Task
Would you reproduce, without any alteration, the lines from the opening line of the entries through the line that has "Tettigonia balcanica ♀" in it?

Short descriptive text snippets
□ □ □ □ □

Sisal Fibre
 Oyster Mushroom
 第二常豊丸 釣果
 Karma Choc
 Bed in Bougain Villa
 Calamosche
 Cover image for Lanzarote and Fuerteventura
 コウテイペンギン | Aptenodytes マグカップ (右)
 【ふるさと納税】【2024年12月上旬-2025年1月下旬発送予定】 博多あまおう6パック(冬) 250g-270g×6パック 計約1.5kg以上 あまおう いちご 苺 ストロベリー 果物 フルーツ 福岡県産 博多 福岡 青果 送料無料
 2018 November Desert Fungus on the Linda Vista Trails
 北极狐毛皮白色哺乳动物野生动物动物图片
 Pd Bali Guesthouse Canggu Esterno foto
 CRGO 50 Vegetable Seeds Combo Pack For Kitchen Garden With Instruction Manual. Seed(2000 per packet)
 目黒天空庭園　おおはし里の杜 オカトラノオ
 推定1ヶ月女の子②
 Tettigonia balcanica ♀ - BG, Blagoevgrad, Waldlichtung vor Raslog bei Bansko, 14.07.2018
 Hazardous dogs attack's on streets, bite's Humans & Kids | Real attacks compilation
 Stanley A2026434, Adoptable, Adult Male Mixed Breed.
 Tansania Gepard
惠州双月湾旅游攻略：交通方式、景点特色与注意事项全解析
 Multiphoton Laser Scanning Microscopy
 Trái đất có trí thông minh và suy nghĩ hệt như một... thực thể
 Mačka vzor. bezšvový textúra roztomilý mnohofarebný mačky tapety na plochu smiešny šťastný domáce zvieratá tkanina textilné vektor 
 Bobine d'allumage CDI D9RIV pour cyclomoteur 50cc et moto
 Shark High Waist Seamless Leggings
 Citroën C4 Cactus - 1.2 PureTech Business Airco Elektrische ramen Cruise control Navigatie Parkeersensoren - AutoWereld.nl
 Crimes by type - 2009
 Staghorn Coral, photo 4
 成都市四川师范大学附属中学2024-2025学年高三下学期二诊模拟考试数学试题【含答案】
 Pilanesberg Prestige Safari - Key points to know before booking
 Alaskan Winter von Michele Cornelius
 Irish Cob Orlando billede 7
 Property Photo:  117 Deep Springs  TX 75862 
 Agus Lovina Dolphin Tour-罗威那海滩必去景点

□ □ □ □ □

Answer to the exercise
Sisal Fibre
 Oyster Mushroom
 第二常豊丸 釣果
 Karma Choc
 Bed in Bougain Villa
 Calamosche
 Cover image for Lanzarote and Fuerteventura
 コウテイペンギン | Aptenodytes マグカップ (右)
 【ふるさと納税】【2024年12月上旬-2025年1月下旬発送予定】 博多あまおう6パック(冬) 250g-270g×6パック 計約1.5kg以上 あまおう いちご 苺 ストロベリー 果物 フルーツ 福岡県産 博多 福岡 青果 送料無料
 2018 November Desert Fungus on the Linda Vista Trails
 北极狐毛皮白色哺乳动物野生动物动物图片
 Pd Bali Guesthouse Canggu Esterno foto
 CRGO 50 Vegetable Seeds Combo Pack For Kitchen Garden With Instruction Manual. Seed(2000 per packet)
 目黒天空庭園　おおはし里の杜 オカトラノオ
 推定1ヶ月女の子②
 Tettigonia balcanica ♀ - BG, Blagoevgrad, Waldlichtung vor Raslog bei Bansko, 14.07.2018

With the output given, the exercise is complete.